En 563, Genève est submergée par un raz de marée. La découverte récente d’une couche de sédiments d’une épaisseur exceptionnelle témoigne de cette catastrophe connue jusqu’ici que par la chronique historique

On les imagine tétanisés, les yeux écarquillés fixés en direction du lac. En ce jour de l’an 563, les habitants de Genève voient fondre sur eux une vague d’au moins 8 mètres de haut progressant à l’allure d’un cheval lancé au triple galop. Après avoir semé la désolation sur les rives du Léman, la masse d’eau, en fin de course, avale la rade genevoise, submerge les moulins, détruit le pont qui enjambe le Rhône et se jette sur les murailles de la cité. Poussé par une force inexorable, le raz de marée passe par-dessus les remparts de la ville, y causant mort et destruction.

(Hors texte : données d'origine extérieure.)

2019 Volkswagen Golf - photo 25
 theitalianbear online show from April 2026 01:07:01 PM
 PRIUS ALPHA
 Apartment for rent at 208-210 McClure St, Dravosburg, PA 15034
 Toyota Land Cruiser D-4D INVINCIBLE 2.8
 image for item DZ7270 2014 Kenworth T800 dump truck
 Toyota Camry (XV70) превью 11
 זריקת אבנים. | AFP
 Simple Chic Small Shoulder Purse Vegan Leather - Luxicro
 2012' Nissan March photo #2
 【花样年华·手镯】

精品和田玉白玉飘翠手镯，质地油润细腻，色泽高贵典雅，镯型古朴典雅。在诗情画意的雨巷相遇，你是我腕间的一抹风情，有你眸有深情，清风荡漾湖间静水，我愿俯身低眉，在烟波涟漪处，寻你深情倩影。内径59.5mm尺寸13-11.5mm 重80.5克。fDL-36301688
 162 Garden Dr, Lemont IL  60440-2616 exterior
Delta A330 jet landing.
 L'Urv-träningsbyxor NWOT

Cette séquence-catastrophe est-elle un mythe ou une réalité? Depuis un millénaire et demi, les seules preuves de cet événement sont littéraires et se trouvent dans les chroniques rédigées par deux évêques ayant vécu à cette époque. Marius d’Avenches (vers 530-601) et Grégoire de Tours (vers 539-594) évoquent en effet chacun à leur manière le décrochage d’un pan de montagne en Valais et son effondrement dans la plaine du Rhône provoquant, selon un enchaînement de circonstances obscures, l’apparition d’une vague destructrice déferlant sur le Léman.

Couche épaisse

Ce n’est que récemment qu’un élément plus substantiel est venu soutenir cette histoire. Il s’agit d’une couche de sédiments exceptionnellement épaisse reposant dans la partie la plus profonde du lac, entre Lausanne et Evian-les-Bains, et qui vient d’être découverte par une équipe genevoise. Stéphanie Girardclos, maître assistante à l’Institut des sciences de l’environnement (Faculté des sciences) et ses collègues présentent les caractéristiques de ce dépôt dans la revue Nature Geoscience du mois de novembre 2012.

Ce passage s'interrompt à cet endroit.